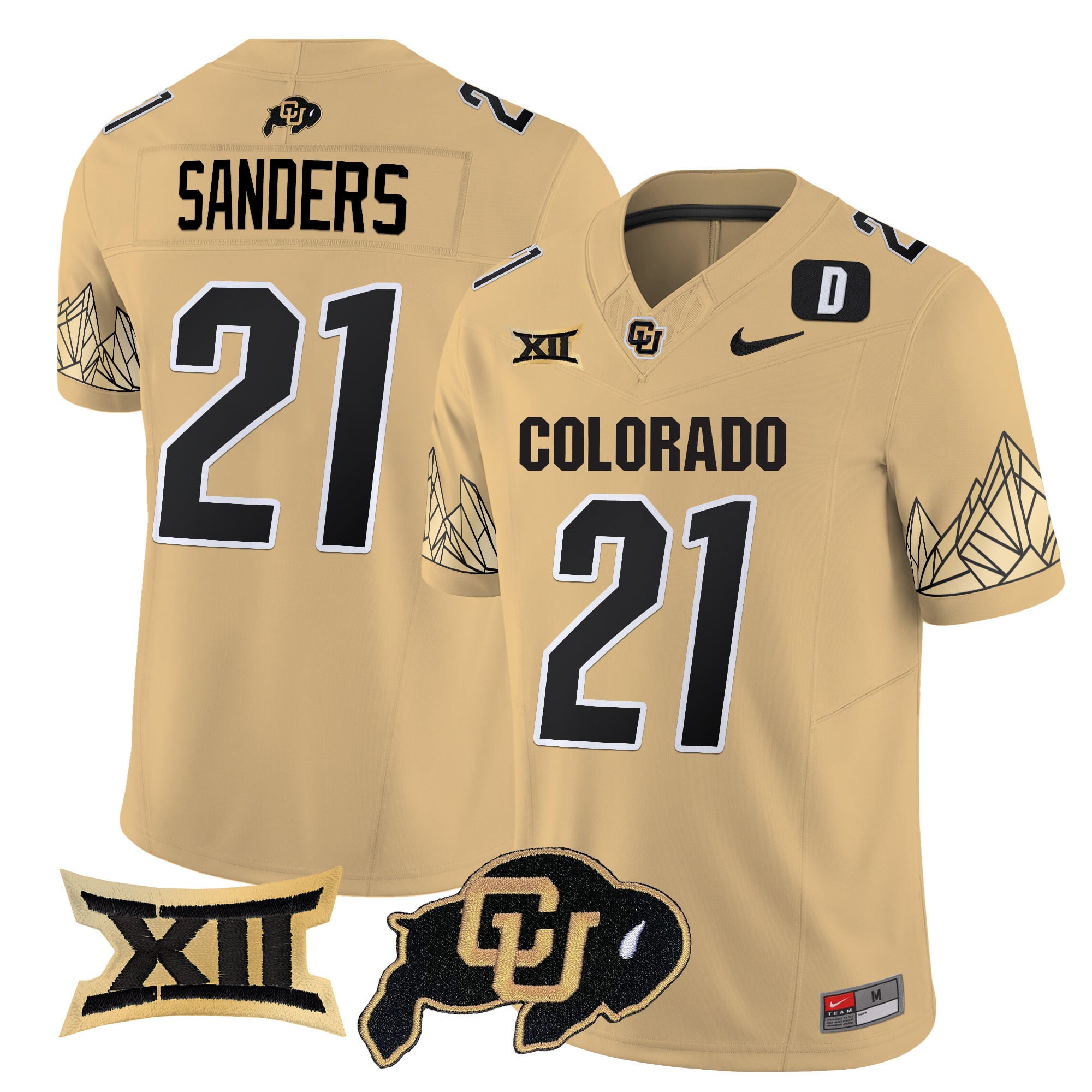 Men's Colorado Buffaloes Vapor Limited Jersey V4 - Big 12 XII Patch - All Stitched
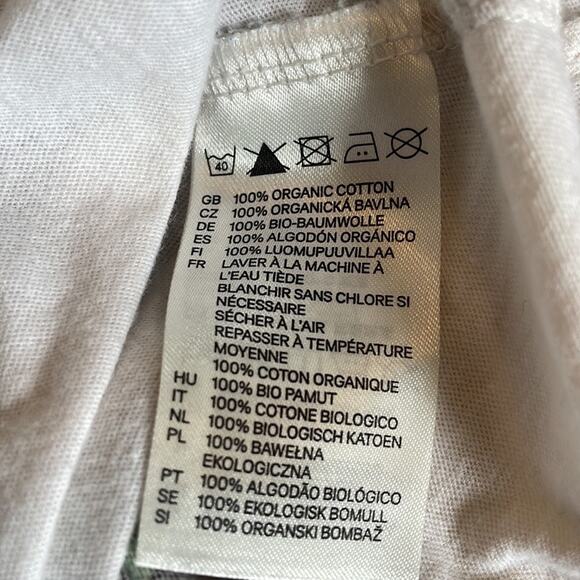 H&M Garden Collection Floral Smocked Top Tunic Dress Milkmaid Cottage - Picture 5 of 5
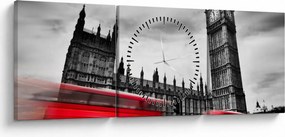 Obraz - Houses of Parliament w Londynie (z zegarem) (90x30 cm)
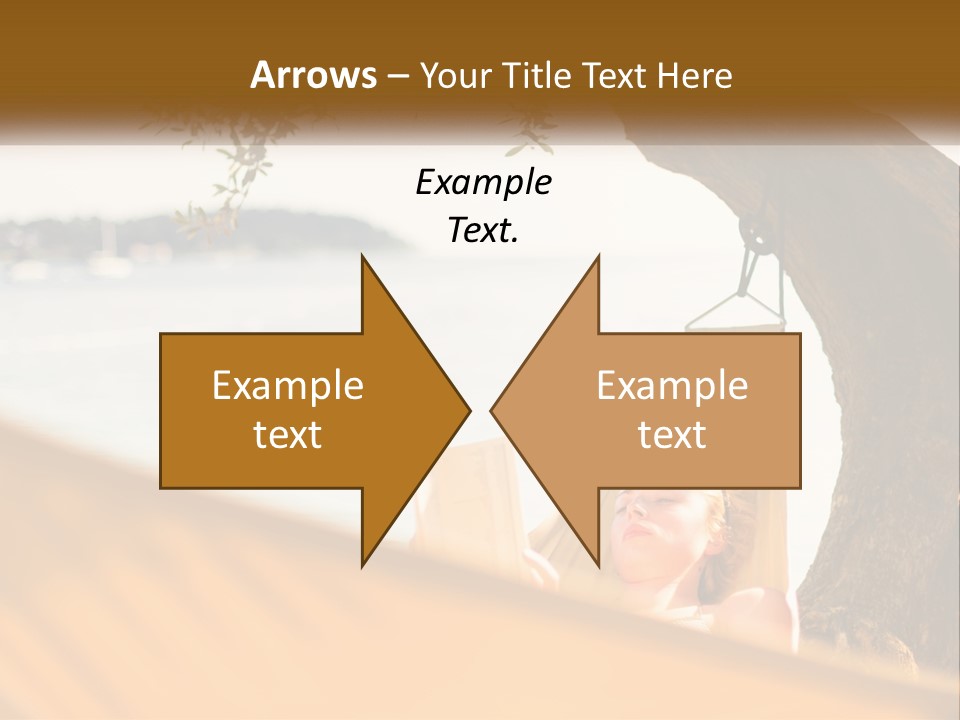 A Woman Laying In A Hammock On The Beach PowerPoint Template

───

* _Requirement_: Set down each line of the material exactly and skip every image.

* _Written answer_:
 Men's Colorado Buffaloes Vapor Limited Jersey V4 - Big 12 XII Patch - All Stitched
 H&M Garden Collection Floral Smocked Top Tunic Dress Milkmaid Cottage - Picture 5 of 5
 Obraz - Houses of Parliament w Londynie (z zegarem) (90x30 cm)
 A Woman Laying In A Hammock On The Beach PowerPoint Template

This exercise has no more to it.